DATA EXTRACTS:
________

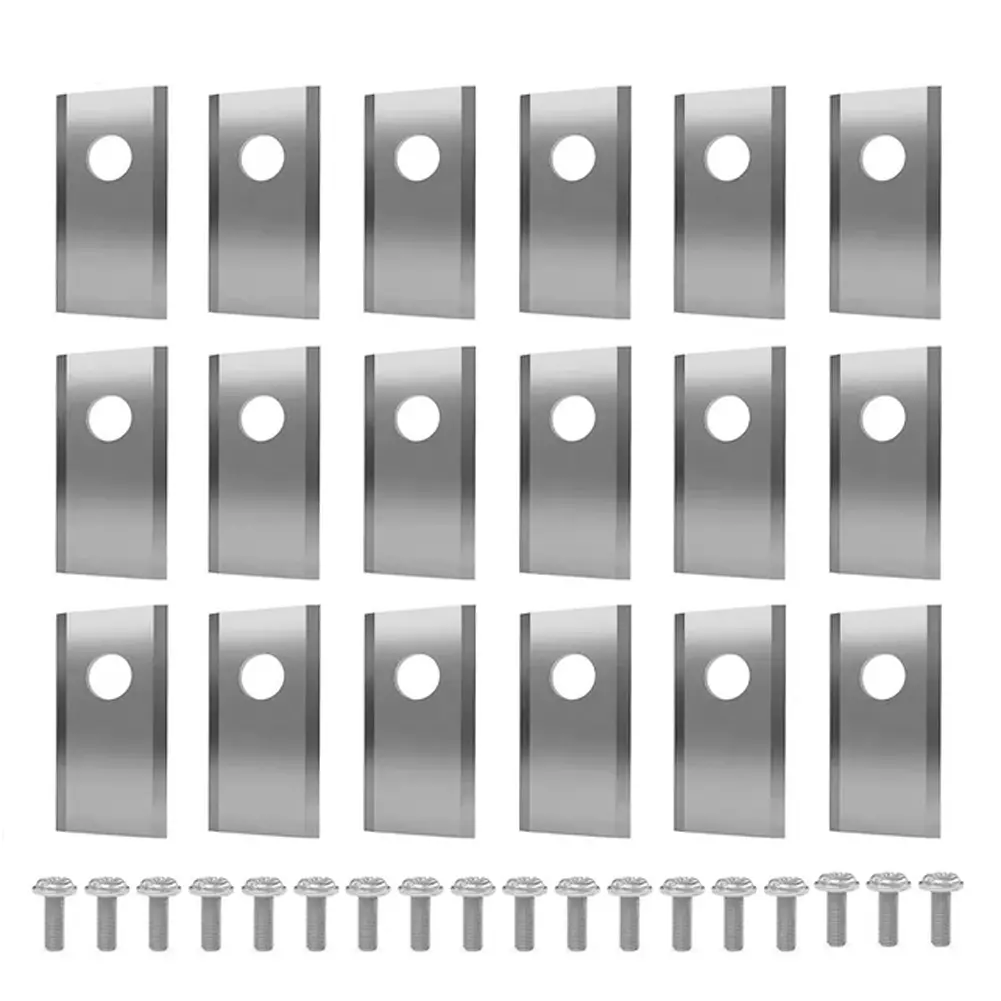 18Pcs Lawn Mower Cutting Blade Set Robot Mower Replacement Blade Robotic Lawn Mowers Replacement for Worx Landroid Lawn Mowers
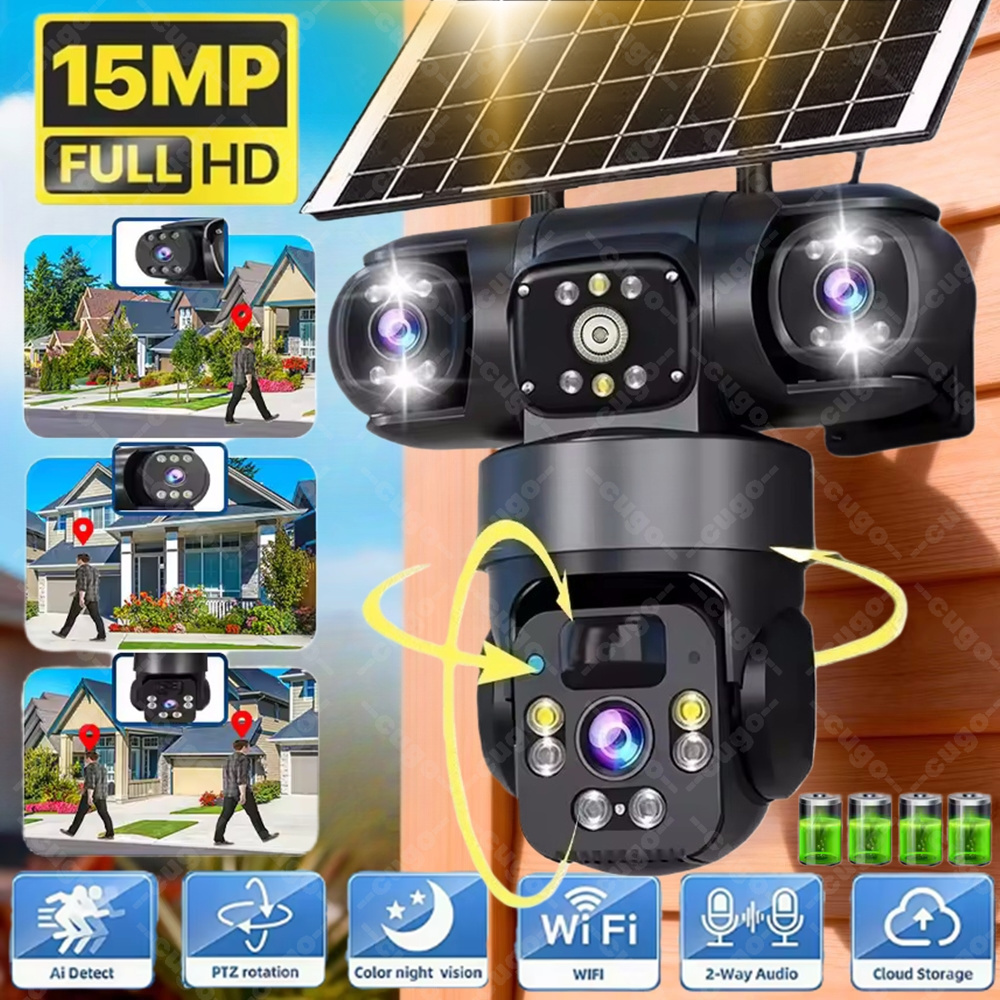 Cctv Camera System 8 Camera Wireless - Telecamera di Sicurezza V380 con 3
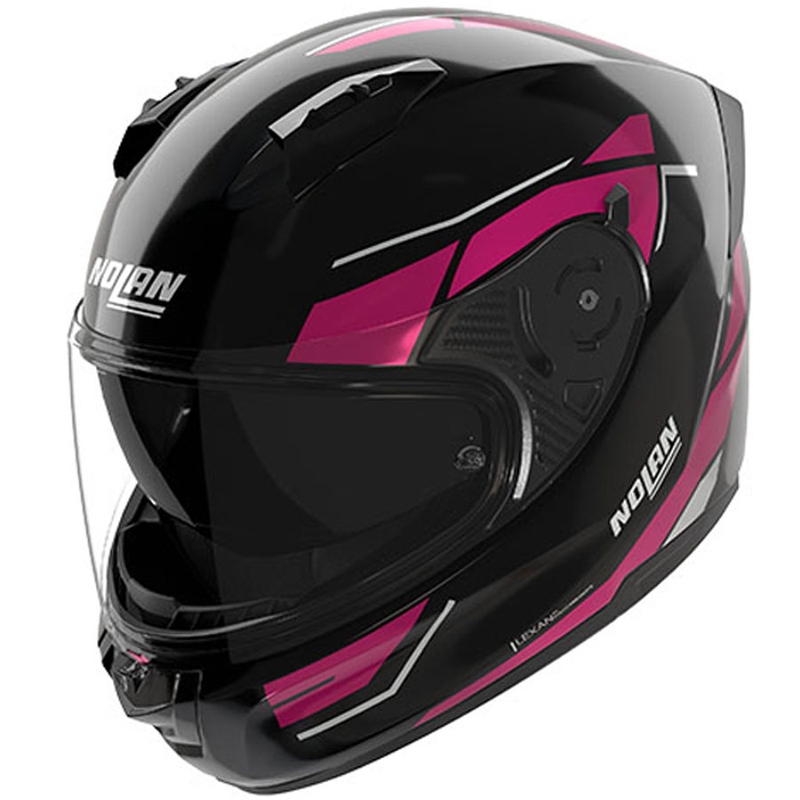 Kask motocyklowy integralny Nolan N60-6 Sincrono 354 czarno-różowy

________

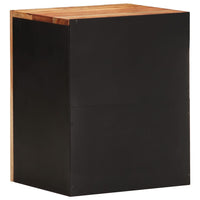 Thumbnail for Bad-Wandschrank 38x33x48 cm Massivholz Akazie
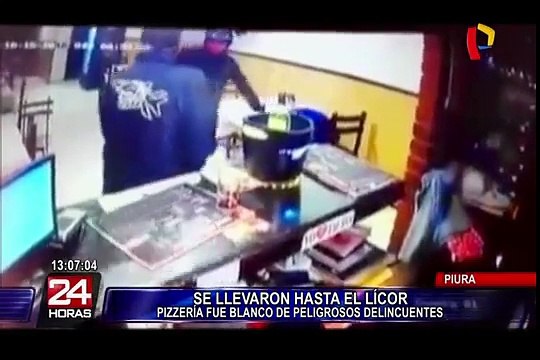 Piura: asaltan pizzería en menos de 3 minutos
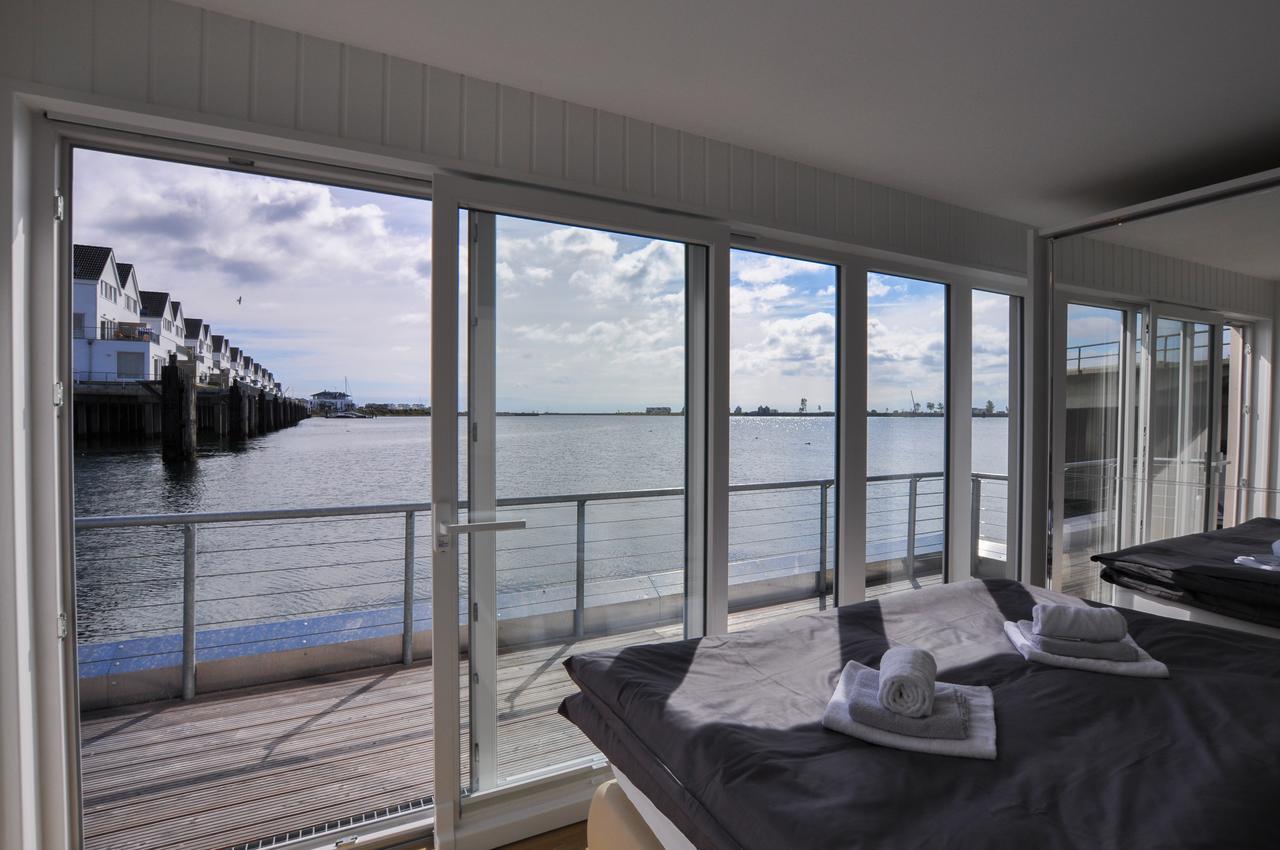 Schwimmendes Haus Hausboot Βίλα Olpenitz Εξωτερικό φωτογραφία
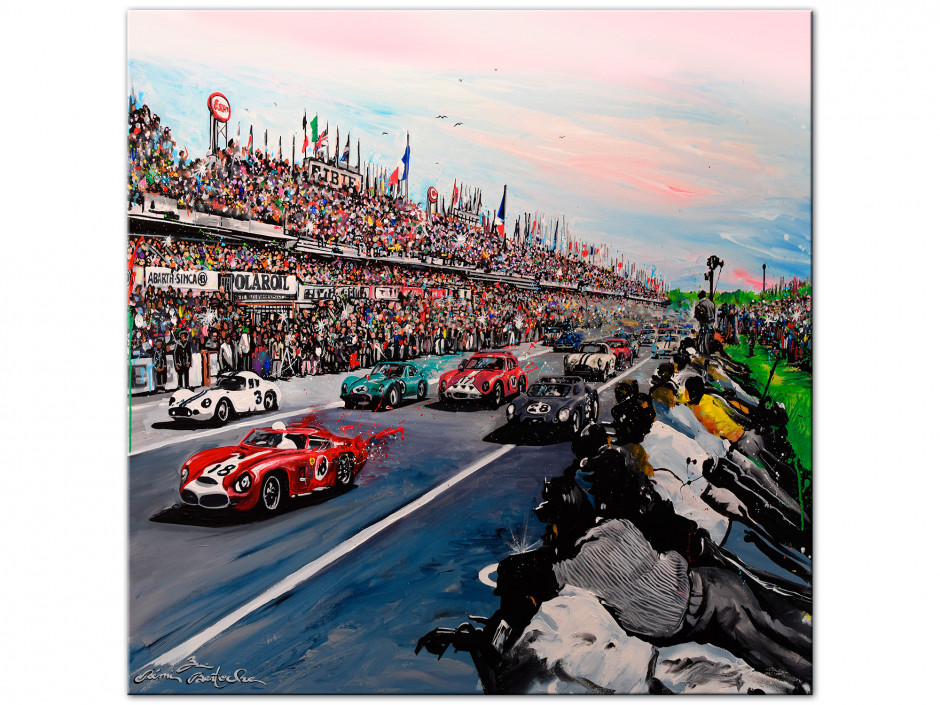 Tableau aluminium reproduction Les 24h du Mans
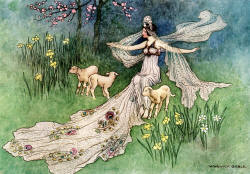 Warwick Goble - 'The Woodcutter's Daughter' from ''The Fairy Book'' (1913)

________

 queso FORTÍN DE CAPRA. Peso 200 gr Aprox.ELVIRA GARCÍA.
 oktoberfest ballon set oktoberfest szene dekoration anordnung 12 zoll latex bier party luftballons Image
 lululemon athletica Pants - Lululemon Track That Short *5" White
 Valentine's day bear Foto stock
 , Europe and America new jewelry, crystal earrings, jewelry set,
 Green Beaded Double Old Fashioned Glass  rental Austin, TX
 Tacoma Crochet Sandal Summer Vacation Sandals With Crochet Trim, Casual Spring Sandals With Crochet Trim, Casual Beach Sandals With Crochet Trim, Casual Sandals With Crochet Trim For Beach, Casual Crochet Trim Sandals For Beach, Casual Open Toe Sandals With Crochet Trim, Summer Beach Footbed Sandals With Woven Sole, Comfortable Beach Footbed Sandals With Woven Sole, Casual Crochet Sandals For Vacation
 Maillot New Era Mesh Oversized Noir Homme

________

WHAT THE TASK REQUIRES: From the listing above, return the lines starting at the one with "queso FORTÍN DE" and ending at the one with "Green Beaded Double", both kept, exactly as they appear and nothing more.

ANSWER SPACE:
 queso FORTÍN DE CAPRA. Peso 200 gr Aprox.ELVIRA GARCÍA.
 oktoberfest ballon set oktoberfest szene dekoration anordnung 12 zoll latex bier party luftballons Image
 lululemon athletica Pants - Lululemon Track That Short *5" White
 Valentine's day bear Foto stock
 , Europe and America new jewelry, crystal earrings, jewelry set,
 Green Beaded Double Old Fashioned Glass  rental Austin, TX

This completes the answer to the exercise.